US cargo carriers request FAA exemptions for Middle East ops

Atlas Air's 747Fs flying for Qantas will be upgraded from -400Fs to 747-8Fs. Photo: Atlas Air

Several U.S.-based air cargo and express carriers, including Kalitta Air, FedEx and Atlas Air Worldwide Holdings’ subsidiary carriers, requested exemption from the U.S. Federal Aviation Administration (FAA) to continue operating in the Middle East despite the recent Notice to Airmen (NOTAM) banning U.S. carriers from flying in certain regions.

Airlines that submitted requests to the FAA this week include Kalitta Air, FedEx, Atlas Air, Southern Air and Polar Air Cargo. While none of the carriers have yet returned requests for comment on their Middle Eastern operations, all but FedEx submitted detailed requests that indicate the NOTAM has had a substantial impact on cargo operations from the U.S. into Bahrain International Airport (BAH).

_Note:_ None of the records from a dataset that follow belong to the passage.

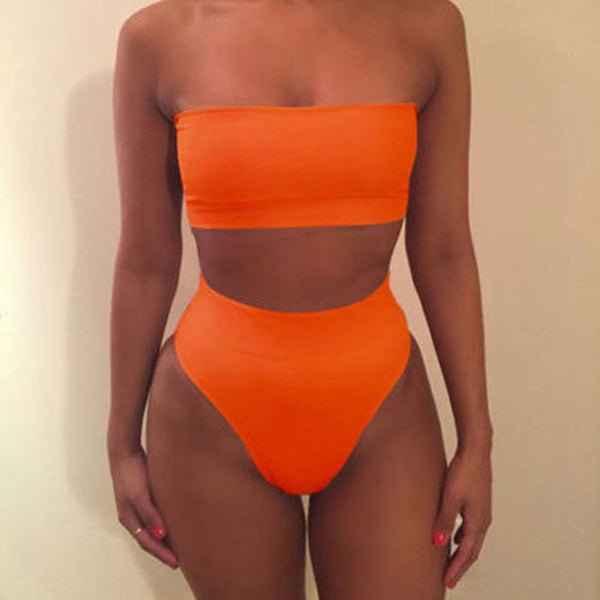 High Waist Swimsuit 2019 Sexy Bikini Women Brazilian Pad Swimwear Push Up Bandeau Top Plus Size Bottom Bikini Set Bathing Suits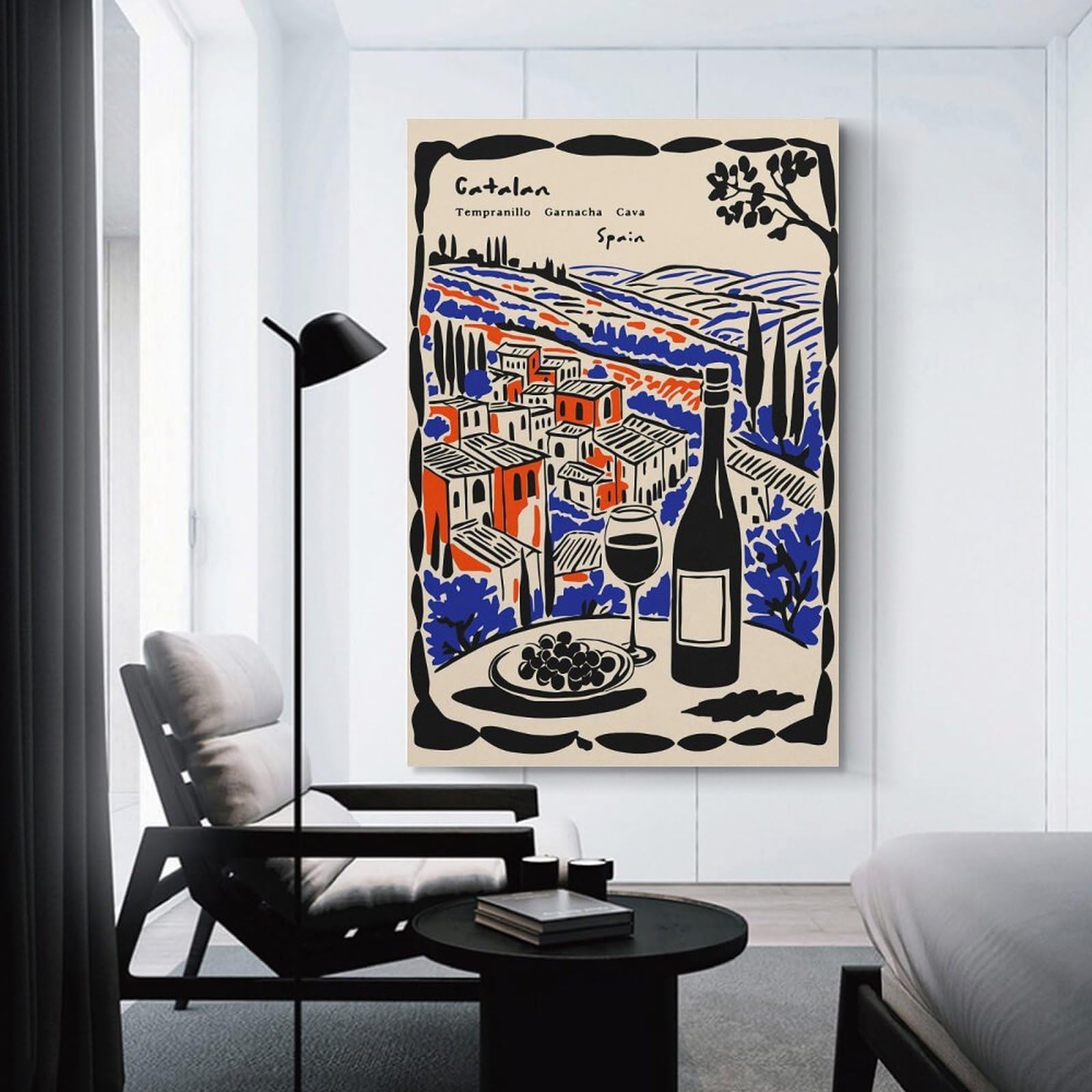 Junmoney Unframe-Style-13 Catalan Wine Country Still Life Wall Decor Canvas Print 20X30inch(50X75cm), For Study, Office Or Apartment Decor, A Wall Art Gift For Fresh Interiors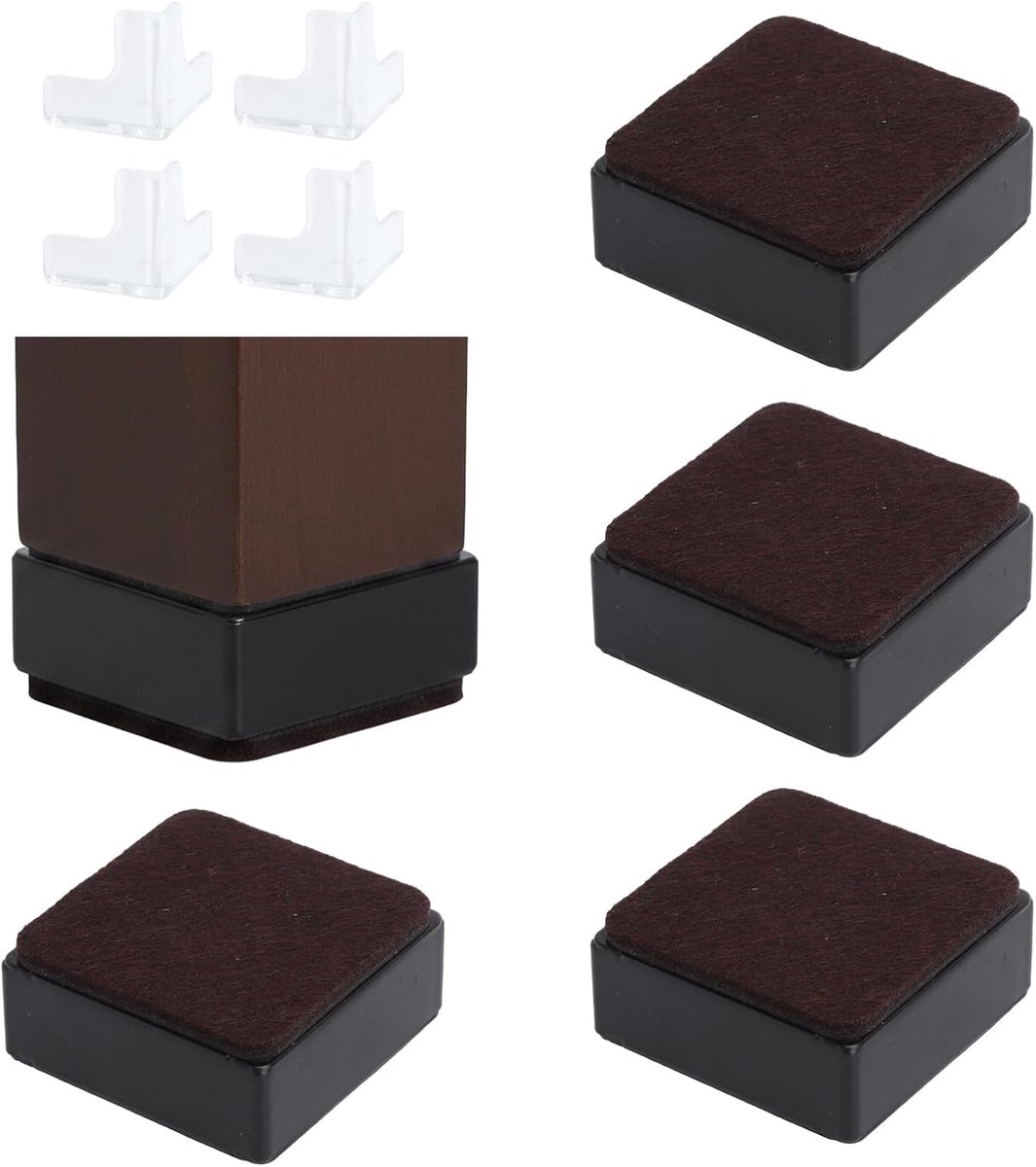 Meubelverhoger 3 cm - Carbon staal - Zelfklevend met silicone hoeken - Verhoogt zitcomfort - ShopVlot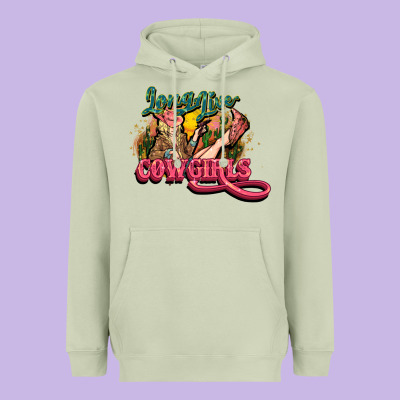 Long Life Cowgirls Heavyweight Hoodie Designed By Howdyjamesfarm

The filings from all Atlas’ subsidiary carriers requested FAA “relief to the restriction on the airspace over the Persian Gulf and the Gulf of Oman, to operate to the Bahrain and Qatar airports, in support of continued operations into the region.” The destinations requested indicate at least some traffic is on behalf of the U.S. Department of Defense or military, as Atlas Air and Polar Air Cargo specifically requested permission to operate to Al Udeid Air Base (XJD) southwest of Doha, Qatar. The U.S. Air Force and U.S. Central Command both have operations at XJD.

Meanwhile, in addition to U.S. military mail operations, Kalitta Air stated in its filing that an exemption would allow it to continue operating in the region on behalf of DHL. In 2019, DHL Express extended its lease at BAH, where DHL’s traffic accounts for more than half the airport’s total airfreight operations. Considering that Southern Air also operates on behalf of DHL and has requested FAA permission to fly from DHL Express’ North American hub at Cincinnati/Northern Kentucky Airport (CVG) to BAH, it’s likely that many of the requested operations into BAH would be on behalf of the express company. For its part, a DHL spokesperson told Air Cargo World that it “had contingency plans in effect during the last few days that kept our volumes flowing, but we are back on track today.”

Meanwhile, many carriers based outside the U.S. also continue to divert flights around the region following missile attacks, and what appears to have been an attack on a 737 passenger jet in the region. Air Cargo World will continue reporting on the region as the situation develops.

This story has been updated following comment from DHL.